Le livre de l’été
Après un premier volume consacré à sa poésie, la nouvelle publication des Ecrits critiques de Francis Picabia est un évènement (majeur).
Le livre de l’été est un objet commercial ciblé. C’est d’une part un gros volume rempli de rebondissements par un personnage principal atypique. D’autre part, ce livre est souvent la suite d’une aventure précédente du personnage récurrent.
La publication des Ecrits critiques de Francis Picabia remplit en tous points ces critères (pour mieux les subvertir). En effet, les éditions Mémoire du Livre prolongent le travail entamé par l’édition des Poèmes de Francis Picabia.
Carole Boulbès a établi l’édition de ces deux volumes, tous deux préfacés par Bernard Noël. On se souvient avec bonheur du livre que Carole Boulbès avait consacré en 1998 à Francis Picabia, Picabia, le saint masqué, publié chez Jean-Michel Place, après un long silence critique autour de l’artiste. L’exposition Francis Picabia au Musée d’Art Moderne de la Ville de Paris venait enfin achever le long oubli de l’œuvre picturale de ce rastaquouère de la première moitié du vingtième siècle. On retrouvait dans le catalogue un texte de Carole Boulbès qui éclairait le travail d’écriture de Picabia à partir d’une lecture énergique de Nietzsche par le loustic Picabia. Les deux volumes des écrits de Picabia viennent compléter le profil profondément multiple de cet artiste qui n’en finit pas d’être dada, volumes qui portent un nouveau regard sur l’œuvre littérature après les deux volumes chronologiques des Ecrits de Picabia (Edition d’Olivier Revault d’Allonnes et de Dominique Buissou) en 1975 et 1978 aux éditions Pierre Belfond (collection Les bâtisseurs du XXe siècle).

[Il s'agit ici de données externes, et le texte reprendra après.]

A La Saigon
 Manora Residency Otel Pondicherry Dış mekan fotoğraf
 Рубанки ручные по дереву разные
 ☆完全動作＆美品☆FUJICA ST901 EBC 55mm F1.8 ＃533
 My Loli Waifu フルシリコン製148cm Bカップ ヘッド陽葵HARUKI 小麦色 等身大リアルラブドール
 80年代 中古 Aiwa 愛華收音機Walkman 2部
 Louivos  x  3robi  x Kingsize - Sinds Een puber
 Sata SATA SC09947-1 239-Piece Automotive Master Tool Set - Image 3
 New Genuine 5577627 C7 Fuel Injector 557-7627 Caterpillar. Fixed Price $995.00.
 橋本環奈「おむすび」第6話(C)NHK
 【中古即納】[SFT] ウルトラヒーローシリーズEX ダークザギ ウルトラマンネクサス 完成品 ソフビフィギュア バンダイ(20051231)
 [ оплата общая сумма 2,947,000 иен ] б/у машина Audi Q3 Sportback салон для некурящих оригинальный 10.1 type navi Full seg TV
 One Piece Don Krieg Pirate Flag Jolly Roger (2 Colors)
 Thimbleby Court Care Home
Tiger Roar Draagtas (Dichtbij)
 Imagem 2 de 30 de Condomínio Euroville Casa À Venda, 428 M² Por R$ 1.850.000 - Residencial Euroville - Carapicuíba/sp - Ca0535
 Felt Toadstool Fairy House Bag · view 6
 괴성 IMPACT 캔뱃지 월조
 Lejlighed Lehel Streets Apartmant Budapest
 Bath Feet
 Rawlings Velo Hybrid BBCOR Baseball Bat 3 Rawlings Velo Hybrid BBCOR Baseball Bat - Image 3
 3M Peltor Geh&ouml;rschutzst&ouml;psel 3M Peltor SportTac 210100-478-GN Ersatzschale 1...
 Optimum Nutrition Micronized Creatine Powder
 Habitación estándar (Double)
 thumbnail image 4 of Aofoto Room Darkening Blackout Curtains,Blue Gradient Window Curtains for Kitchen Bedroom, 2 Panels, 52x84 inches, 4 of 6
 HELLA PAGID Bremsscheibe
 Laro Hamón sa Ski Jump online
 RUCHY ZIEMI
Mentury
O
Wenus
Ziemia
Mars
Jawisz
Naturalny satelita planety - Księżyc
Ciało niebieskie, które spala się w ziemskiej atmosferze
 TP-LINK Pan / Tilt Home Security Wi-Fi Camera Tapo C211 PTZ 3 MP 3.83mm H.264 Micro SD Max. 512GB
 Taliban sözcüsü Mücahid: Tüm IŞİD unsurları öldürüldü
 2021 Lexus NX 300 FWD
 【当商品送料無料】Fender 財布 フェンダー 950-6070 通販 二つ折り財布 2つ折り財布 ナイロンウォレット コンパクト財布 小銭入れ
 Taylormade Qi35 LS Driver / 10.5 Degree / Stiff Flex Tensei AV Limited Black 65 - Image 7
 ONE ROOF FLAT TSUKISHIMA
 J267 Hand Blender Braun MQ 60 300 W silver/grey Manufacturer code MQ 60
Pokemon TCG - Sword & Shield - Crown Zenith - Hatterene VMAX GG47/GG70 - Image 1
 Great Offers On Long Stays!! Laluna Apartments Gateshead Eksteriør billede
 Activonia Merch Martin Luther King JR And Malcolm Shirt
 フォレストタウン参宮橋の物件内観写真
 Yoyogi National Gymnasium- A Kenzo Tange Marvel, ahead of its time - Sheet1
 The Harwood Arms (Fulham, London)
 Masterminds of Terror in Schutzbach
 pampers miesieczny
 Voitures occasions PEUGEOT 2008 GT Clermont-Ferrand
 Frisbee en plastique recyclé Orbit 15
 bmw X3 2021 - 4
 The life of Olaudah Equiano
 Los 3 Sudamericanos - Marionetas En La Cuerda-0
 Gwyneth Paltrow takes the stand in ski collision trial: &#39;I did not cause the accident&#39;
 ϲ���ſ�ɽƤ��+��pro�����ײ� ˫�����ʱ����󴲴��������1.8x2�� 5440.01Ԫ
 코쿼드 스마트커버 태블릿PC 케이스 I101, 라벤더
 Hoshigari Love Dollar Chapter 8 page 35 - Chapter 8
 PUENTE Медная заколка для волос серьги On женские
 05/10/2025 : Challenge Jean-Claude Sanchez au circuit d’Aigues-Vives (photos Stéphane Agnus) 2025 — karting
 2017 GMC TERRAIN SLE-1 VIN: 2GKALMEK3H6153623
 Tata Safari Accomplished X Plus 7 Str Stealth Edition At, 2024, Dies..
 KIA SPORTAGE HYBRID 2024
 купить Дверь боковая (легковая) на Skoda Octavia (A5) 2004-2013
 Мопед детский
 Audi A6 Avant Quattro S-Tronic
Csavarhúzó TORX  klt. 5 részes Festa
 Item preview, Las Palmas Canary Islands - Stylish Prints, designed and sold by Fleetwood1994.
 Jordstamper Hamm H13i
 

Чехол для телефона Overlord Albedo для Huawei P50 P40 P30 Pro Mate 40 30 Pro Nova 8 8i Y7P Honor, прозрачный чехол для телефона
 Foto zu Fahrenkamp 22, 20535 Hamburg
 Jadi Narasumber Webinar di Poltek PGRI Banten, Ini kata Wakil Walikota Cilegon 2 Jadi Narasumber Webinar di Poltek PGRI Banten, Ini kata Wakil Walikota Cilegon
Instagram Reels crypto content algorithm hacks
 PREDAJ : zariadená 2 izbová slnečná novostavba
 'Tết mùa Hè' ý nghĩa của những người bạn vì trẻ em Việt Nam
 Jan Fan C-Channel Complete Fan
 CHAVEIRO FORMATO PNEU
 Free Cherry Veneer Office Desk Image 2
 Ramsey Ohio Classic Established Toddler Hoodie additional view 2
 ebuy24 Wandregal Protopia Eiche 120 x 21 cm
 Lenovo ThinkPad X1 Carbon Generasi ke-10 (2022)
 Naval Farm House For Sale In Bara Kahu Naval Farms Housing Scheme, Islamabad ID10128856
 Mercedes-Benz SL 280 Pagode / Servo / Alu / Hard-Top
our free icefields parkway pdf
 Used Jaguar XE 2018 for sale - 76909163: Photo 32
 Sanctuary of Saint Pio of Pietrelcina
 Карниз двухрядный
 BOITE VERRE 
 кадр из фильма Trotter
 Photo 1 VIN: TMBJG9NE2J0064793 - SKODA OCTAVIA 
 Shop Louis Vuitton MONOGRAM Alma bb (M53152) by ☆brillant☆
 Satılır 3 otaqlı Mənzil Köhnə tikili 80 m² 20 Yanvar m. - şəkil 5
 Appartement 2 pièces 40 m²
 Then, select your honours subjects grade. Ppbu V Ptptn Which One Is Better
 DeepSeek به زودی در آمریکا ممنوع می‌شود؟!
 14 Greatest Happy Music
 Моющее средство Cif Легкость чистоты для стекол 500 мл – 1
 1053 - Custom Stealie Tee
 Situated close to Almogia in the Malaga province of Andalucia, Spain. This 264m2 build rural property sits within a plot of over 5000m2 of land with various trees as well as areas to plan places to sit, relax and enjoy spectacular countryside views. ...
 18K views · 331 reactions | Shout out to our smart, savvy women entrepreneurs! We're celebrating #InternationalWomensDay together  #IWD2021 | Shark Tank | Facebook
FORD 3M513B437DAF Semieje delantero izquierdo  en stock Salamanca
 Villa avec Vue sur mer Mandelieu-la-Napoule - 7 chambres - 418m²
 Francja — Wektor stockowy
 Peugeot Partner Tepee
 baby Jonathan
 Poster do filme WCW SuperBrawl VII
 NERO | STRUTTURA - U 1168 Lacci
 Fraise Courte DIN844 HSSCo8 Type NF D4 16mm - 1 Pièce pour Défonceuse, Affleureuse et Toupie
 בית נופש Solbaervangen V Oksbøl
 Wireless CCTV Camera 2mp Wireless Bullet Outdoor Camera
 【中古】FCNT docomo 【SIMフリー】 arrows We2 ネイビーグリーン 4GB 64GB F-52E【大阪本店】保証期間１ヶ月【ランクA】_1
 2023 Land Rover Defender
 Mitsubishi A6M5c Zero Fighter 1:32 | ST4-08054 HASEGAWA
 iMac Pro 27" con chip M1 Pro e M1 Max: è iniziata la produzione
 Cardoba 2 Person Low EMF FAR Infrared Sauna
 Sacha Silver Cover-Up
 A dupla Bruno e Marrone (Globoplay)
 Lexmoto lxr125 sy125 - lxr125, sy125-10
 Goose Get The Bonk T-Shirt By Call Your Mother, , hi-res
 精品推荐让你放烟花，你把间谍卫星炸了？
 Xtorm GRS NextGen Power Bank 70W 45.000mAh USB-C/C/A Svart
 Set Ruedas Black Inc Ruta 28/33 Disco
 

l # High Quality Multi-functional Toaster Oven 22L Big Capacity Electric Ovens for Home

Il faudrait dire tant de choses sur l’activité poétique de Francis Picabia qui coule aussi vite que sa vie et sa conduite automobile. Ah, ce fameux voyage dans le Jura en compagnie de sa femme Gabrielle Buffet, de Marcel Duchamp, l’ami pour toujours et de Guillaume Apollinaire, voyage et vitesse à l’origine mythologique des premiers vers du poème « Zone ». J’éviterai donc ici d’en dire trop (les segmentations, les fragmentations et les renversements syntaxiques, la liberté d’esprit contre les conventions, les répétitions et le bégeaiment, la cohérence discursive, syntaxique, sémantique...) et je préfère laisser quelques traces de lecture.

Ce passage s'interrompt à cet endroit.